If you build it, they might not come

It made me think that government statistics are optimistic lies, no matter where you are.


We are at Nai Yang Beach, a sheltered stretch of sand on the northwest coast of Thailand's Phuket Island. It's a tourist area, and December is high season, but thus far we've seen more hotel workers, taxi drivers, bartenders and bar girls than fellow tourists. Such a high ratio of help to paying guests is only normal at Amanpuri, a high-end resort five miles down the coast, where even the cheap rooms go for $1,000 a night. There, four people attend to each guest, and bar girls aren't even allowed. Our Thailand guidebook says Amanpuri is as close as most of us can get to being treated like royalty, and based on my one stay there 20 years ago, I'd have to agree.

But our hotel, the Nai Yang Beach Resort, is considerably cheaper than Amanpuri, even cheaper than most Boise hotels. It has three sparkling and nicely chilled pools, one with a bar, and that's the one we've been frequenting when we're not out on the beach. Happy hour runs from 3-5 p.m., which works out to 1-3 a.m. Ketchum Time, if you're counting.

The place is mostly empty, the people are friendly and the food is beyond good. While the room we're in isn't as nice as any at Amanpuri, it isn't $950 less nice.

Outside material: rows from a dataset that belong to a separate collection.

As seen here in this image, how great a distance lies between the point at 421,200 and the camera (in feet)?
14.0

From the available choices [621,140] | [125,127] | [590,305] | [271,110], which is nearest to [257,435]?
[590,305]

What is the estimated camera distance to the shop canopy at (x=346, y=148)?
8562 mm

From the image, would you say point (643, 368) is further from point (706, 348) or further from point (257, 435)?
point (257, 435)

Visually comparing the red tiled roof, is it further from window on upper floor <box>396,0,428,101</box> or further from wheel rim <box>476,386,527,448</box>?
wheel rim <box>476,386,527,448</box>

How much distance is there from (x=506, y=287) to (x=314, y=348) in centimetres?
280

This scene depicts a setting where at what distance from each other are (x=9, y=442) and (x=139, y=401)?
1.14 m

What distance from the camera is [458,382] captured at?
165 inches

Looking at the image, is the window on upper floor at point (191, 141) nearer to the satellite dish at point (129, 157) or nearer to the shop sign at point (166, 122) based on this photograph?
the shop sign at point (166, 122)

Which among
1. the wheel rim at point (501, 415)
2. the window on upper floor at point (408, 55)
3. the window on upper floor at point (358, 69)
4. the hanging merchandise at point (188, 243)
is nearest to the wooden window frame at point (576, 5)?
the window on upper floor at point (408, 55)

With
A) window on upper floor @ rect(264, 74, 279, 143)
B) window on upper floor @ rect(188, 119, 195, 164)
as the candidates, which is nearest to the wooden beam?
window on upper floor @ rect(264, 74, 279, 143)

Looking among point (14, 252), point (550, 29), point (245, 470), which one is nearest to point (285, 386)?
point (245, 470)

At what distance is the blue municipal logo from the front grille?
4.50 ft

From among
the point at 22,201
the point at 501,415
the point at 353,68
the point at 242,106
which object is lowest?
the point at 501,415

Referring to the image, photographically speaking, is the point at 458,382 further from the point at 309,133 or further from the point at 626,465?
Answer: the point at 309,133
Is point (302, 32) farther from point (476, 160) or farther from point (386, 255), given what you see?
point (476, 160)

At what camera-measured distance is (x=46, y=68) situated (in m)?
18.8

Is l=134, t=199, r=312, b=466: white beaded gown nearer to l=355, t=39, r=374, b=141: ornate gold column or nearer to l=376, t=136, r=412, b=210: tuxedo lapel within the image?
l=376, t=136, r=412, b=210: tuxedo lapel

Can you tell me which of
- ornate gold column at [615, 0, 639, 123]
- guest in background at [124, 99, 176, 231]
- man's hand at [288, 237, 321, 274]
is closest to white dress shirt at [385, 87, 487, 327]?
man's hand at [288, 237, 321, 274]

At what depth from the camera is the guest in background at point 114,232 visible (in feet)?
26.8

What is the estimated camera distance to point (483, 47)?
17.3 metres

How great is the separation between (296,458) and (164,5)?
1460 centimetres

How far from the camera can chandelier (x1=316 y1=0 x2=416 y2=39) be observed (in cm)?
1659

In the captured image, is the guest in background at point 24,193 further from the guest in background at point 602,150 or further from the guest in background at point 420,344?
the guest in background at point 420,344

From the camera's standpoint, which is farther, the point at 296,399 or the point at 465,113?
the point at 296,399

If we don't feel royal, we at least feel noble.

But yesterday, hoping to catch a glimpse of royalty, or at least a Russian oligarch or two, we took a walk on the beach, going toward a great luxury hotel occupying the headland that marks the south end of Nai Yang Beach. It looked like a great collection of huge Thai temples down there, and we walked to within a half mile of it before we realized it wasn't finished. We walked a bit more and realized it wasn't going to be.

It was a ruin. The marble-faced rooms, all 200-odd of them, were windowless. Here and there trees had taken root in the walls and terraces. The tiled swimming pool was half filled with brackish water, and the reflecting ponds between the reception area and the beach were dry and scattered with leaves and plastic trash.

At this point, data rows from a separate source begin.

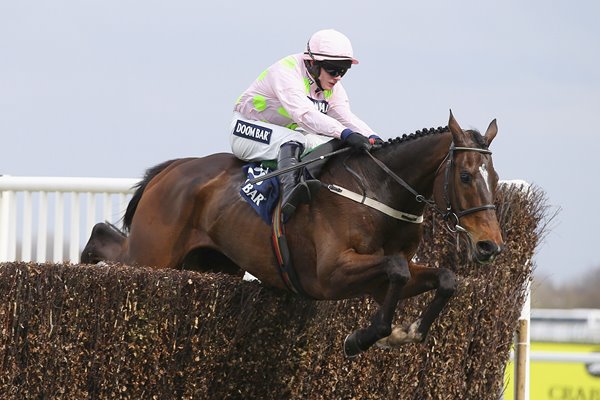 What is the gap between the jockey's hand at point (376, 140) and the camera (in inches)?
268

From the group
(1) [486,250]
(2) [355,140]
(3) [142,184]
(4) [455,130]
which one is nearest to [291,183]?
(2) [355,140]

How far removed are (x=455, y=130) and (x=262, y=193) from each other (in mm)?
1377

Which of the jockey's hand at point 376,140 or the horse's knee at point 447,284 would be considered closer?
the horse's knee at point 447,284

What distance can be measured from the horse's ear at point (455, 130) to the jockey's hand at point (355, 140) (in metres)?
0.63

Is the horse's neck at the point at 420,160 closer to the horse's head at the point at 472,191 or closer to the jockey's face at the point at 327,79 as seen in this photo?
the horse's head at the point at 472,191

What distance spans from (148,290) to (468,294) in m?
2.13

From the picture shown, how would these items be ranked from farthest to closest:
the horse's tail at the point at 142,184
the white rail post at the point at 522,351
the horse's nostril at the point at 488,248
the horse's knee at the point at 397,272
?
1. the white rail post at the point at 522,351
2. the horse's tail at the point at 142,184
3. the horse's knee at the point at 397,272
4. the horse's nostril at the point at 488,248

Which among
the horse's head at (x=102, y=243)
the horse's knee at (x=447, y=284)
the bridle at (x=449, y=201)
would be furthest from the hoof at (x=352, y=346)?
the horse's head at (x=102, y=243)

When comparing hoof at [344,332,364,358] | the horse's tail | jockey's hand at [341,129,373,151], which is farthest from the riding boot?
the horse's tail

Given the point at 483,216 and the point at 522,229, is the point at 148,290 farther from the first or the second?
the point at 522,229

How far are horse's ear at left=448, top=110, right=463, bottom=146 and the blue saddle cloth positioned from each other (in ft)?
4.02

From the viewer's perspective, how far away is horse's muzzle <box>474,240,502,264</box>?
5836mm

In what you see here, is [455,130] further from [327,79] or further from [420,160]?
[327,79]

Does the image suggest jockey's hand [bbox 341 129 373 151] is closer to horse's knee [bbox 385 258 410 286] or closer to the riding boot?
the riding boot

We walked past signs in Thai that may or may not have said "Keep Out," and looked into dim hallways lined with dark doorways. The elevator shaft went down and down to far below ground level, and things dropped into it went "splash." Stacks of marble slabs occupied the unfinished kitchen of a restaurant whose empty windows looked out on a small collection of stranded fishing boats lashed to each other during low tide. Low and level tidal flats stretched out and away to our section of the beach, where the lights of restaurants had begun to glow against the sunset.

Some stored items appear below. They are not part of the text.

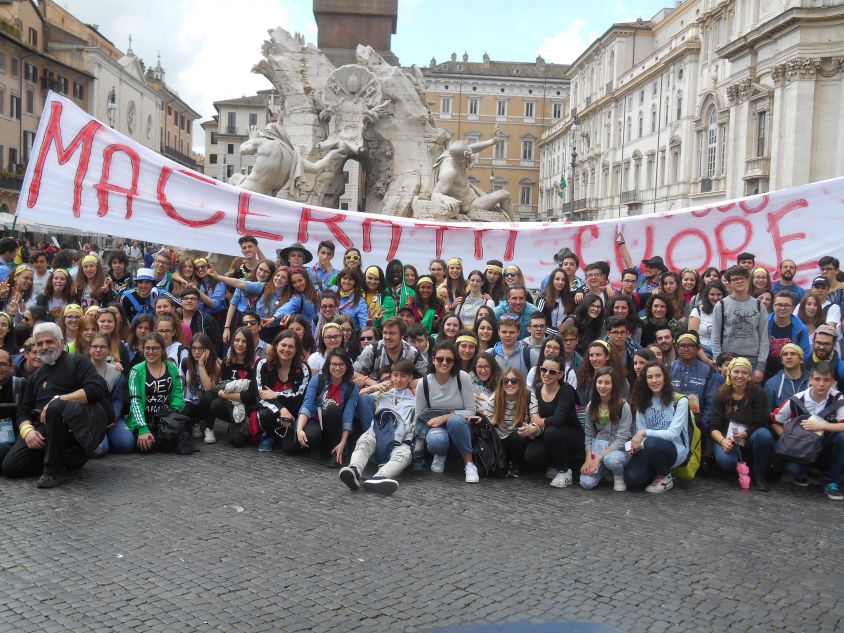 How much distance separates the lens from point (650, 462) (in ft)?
21.5

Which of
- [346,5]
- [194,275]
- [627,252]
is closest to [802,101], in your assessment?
[346,5]

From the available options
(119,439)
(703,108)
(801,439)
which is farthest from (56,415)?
(703,108)

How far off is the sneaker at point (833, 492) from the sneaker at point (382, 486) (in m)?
3.22

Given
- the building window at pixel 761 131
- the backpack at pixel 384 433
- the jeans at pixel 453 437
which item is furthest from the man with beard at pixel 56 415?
the building window at pixel 761 131

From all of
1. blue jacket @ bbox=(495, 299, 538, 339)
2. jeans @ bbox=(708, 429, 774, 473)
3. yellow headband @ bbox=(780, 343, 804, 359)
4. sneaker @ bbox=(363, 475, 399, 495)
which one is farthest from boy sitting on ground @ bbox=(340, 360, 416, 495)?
yellow headband @ bbox=(780, 343, 804, 359)

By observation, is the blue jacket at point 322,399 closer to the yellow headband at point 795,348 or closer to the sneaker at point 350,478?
the sneaker at point 350,478

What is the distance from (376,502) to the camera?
6047 mm

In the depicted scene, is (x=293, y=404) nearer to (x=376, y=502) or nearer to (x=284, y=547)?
(x=376, y=502)

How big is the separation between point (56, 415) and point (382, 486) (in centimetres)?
235

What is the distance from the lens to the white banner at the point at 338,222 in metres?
9.26

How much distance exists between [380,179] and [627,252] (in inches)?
316

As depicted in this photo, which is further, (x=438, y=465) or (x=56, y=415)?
(x=438, y=465)

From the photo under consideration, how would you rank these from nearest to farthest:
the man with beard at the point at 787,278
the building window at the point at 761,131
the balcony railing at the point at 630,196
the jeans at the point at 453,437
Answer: the jeans at the point at 453,437 → the man with beard at the point at 787,278 → the building window at the point at 761,131 → the balcony railing at the point at 630,196

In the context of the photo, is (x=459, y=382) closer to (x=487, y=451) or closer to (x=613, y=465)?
(x=487, y=451) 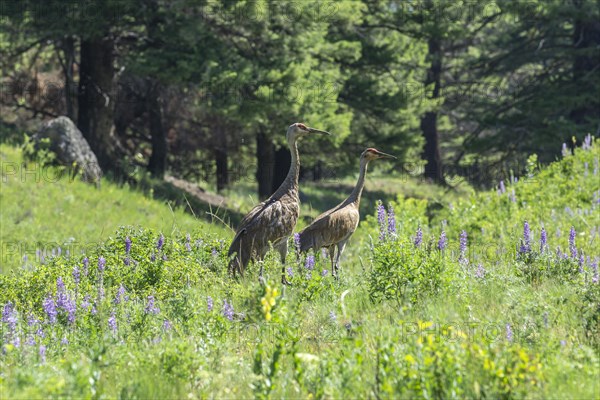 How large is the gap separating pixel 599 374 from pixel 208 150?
23486 mm

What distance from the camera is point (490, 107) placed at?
27.6m

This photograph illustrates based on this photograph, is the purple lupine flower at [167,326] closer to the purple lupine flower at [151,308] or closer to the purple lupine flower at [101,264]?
the purple lupine flower at [151,308]

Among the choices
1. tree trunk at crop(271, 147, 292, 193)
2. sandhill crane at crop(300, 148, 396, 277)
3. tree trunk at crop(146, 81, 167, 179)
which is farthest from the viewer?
tree trunk at crop(271, 147, 292, 193)

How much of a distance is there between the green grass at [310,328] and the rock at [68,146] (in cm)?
865

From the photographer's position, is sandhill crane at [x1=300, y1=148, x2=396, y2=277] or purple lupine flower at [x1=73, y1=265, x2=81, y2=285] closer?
purple lupine flower at [x1=73, y1=265, x2=81, y2=285]

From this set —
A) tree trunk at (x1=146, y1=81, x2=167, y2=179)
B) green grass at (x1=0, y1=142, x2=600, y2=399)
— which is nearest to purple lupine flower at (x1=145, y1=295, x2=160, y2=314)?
green grass at (x1=0, y1=142, x2=600, y2=399)

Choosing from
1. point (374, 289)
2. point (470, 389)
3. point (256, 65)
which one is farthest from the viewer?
point (256, 65)

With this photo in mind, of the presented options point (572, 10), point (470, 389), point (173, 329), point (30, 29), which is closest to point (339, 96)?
point (572, 10)

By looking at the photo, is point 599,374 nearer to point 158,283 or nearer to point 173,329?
point 173,329

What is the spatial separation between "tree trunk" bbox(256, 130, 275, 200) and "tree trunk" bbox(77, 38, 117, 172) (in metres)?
3.99

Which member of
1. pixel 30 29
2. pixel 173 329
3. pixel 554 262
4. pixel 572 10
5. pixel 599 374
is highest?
pixel 572 10

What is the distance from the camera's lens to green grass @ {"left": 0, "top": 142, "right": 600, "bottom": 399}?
5.03 m

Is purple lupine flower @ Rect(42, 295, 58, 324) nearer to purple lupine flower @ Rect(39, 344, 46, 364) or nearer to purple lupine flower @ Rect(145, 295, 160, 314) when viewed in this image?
purple lupine flower @ Rect(145, 295, 160, 314)

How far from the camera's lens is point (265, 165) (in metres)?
22.2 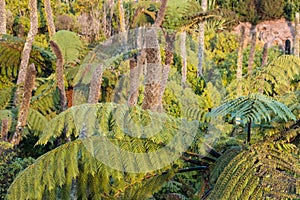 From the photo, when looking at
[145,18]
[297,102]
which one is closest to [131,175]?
[297,102]

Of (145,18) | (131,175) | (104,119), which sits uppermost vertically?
(145,18)

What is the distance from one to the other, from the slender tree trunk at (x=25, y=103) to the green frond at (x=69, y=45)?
5.15 ft

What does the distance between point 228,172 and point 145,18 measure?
472 centimetres

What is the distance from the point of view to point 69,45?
16.7 feet

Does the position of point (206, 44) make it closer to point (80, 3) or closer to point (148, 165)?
point (80, 3)

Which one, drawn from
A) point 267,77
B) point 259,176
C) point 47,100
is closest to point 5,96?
point 47,100

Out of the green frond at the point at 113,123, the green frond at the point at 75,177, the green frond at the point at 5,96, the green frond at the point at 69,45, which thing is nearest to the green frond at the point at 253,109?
the green frond at the point at 113,123

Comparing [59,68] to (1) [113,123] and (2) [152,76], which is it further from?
(1) [113,123]

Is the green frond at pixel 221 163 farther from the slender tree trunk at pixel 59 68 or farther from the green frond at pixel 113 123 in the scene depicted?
the slender tree trunk at pixel 59 68

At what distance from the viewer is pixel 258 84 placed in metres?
2.31

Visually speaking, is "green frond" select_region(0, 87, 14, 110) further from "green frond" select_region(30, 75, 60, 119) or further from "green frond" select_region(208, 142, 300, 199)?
"green frond" select_region(208, 142, 300, 199)

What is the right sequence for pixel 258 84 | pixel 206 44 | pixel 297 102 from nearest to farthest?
1. pixel 297 102
2. pixel 258 84
3. pixel 206 44

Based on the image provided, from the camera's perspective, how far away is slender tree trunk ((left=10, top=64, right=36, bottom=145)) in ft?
10.6

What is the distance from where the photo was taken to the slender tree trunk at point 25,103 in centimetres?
323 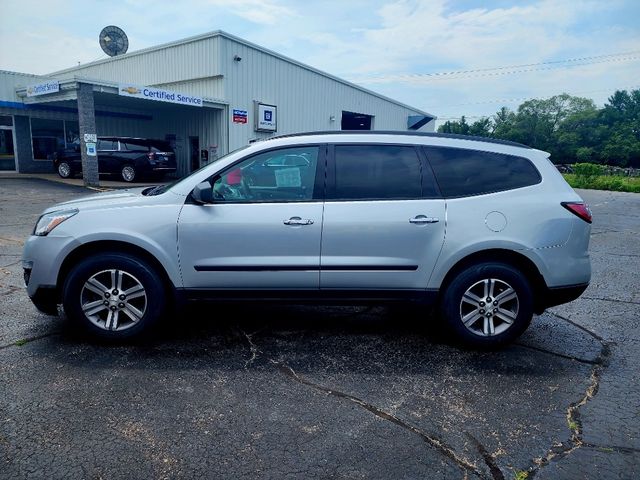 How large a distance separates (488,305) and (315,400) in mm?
1764

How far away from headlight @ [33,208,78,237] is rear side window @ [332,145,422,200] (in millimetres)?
2228

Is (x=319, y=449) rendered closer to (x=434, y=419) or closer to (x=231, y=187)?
(x=434, y=419)

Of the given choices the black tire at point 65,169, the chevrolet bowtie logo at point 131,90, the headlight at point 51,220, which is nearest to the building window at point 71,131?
the black tire at point 65,169

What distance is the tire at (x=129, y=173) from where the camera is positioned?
18791 mm

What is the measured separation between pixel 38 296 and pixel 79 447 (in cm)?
179

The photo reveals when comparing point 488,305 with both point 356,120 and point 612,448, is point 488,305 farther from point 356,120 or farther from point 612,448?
point 356,120

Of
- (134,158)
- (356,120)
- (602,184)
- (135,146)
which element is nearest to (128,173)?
(134,158)

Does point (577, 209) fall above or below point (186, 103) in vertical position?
below

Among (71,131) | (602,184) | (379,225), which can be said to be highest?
(71,131)

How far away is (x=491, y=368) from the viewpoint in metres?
3.62

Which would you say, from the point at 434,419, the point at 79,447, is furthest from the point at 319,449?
the point at 79,447

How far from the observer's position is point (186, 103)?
18.1 meters

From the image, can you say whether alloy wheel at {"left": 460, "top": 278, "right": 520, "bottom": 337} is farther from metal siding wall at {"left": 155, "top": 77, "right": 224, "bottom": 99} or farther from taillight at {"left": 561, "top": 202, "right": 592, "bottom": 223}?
metal siding wall at {"left": 155, "top": 77, "right": 224, "bottom": 99}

It gets dark quickly in the tropics, and the place was feeling as if maybe Jack Nicholson had gotten a job caretaking there while he finished his novel, so we walked back to our hotel.

One of the beachfront restaurants advertises "Broken English spoken perfect," and I asked the owner about the abandoned hotel. He said it had been closed for two years, after its owners had gone bankrupt. They had been bad people, he said, and they left owing the locals a lot of money.

He looked out over the empty tables of his restaurant and said that things had been bad since the Boxing Day tsunami. Political conflict in Thailand, SARS and now the economic crisis had hurt the tourist industry. There were lots of empty hotels and restaurants all over Thailand. Lots of unfinished buildings. Lots of backruptcies. Lots of workers not going to get their money.

I was translating his broken English pretty freely, but this morning's Bangkok Post says the Tourism Authority of Thailand forecasts 14.3 million tourists this year, while the Association of Hotels forecasts only 12 million, a figure 16 percent lower. In that 16 percent is the difference between profit and loss for hundreds of thousands of people. It made me think that government statistics are optimistic lies, no matter where you are.

It also explained why we were paying half price for our hotel room, and why every restaurant we walked by had a person posted on the sidewalk beckoning us in, and why, in the hotel's dining room tonight, we were alone, eating in front of a couple of cooks and three wait-staff and a long table piled high with fresh-caught seafood. It explains why each single, middle-aged male tourist in the bars is surrounded by three or four laughing bar girls, and it explains how quickly and easily a tourist industry can get overbuilt and how vulnerable the whole endeavor can be to the slightest downturn.

It made me glad I wasn't alone and lonely and susceptible to the desperate pheremones riding the sea breeze. It made me wonder how they were doing down at Amanpuri. Probably pretty well, as the world's royalty doesn't seem to have suffered much during this recession. But I won't be able to find out. I'm no longer writing for Travel and Leisure, and even if the Idaho Mountain Express would spring for it, in a world of bankruptcies and unpaid workers, I've lost the innocent ability to enjoy myself at $1,000 a night.